I imagined starting off this post with all the reasons excuses I haven’t been writing. My computer broke. I’ve been crocheting. I have more. If you’re interested, just let me know. But I highly suspect you aren’t.

The truth is, I’m speechless. At a time when I feel like I should most find my voice, I’m embarrassingly mute. It’s not that I’m disconnected; quite the opposite. I’ve become a news junkie. I go to bed at night wearing wireless earbuds and wake up in the morning wondering what I missed after I fell asleep with them in. It’s that bad.

I’ve always maintained that I can’t change what goes on in the vast world, and so I’m just going to pay attention to those things that I can change. Someone’s day. My outlook. A corner of the garden. That worked for me because I believed, and still do, that the majority of people in the world are good.
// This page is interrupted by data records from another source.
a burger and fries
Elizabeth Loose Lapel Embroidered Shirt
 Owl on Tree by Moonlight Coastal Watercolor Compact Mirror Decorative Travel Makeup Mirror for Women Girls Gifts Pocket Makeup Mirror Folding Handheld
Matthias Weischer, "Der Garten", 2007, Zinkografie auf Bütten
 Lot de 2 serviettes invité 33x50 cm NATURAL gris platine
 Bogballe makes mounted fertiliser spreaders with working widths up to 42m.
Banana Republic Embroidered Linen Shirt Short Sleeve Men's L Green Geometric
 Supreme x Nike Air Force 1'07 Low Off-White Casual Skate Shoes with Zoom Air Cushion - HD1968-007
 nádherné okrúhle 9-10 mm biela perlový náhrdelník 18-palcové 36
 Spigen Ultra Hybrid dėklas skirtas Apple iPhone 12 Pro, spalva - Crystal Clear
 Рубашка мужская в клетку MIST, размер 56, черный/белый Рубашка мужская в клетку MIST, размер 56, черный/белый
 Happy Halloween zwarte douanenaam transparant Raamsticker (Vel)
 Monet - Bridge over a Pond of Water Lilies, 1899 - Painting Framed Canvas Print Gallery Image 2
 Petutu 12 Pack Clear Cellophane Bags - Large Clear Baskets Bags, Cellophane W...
I believed things would all work out in the end because good conquers evil most of the time.

So now I’m a news junkie and I can’t claim blissful ignorance anymore. I understand that the good majority is poor, and that money buys the world. And what does one do when her voice is small and peaceful in a world that is screaming injustice at the top of its lungs?

I became speechless.

It’s not that I have nothing to say. It’s just that there are others saying it so well and so loud with all the best words. (That’s funny, right?) I can’t compete. Nor should I. Just because I have opinions on the news doesn’t mean I ought to write about it. That’s like somebody who admires and critiques art feeling guilty for not painting.

In the words of one of my favorite millenials, I need to do me. And if my voice is small and peaceful and speaks of wholeness, balance and love, there’s room for it. And maybe someone will hear it and smile. Because if all I do today is make someone smile, that’s enough.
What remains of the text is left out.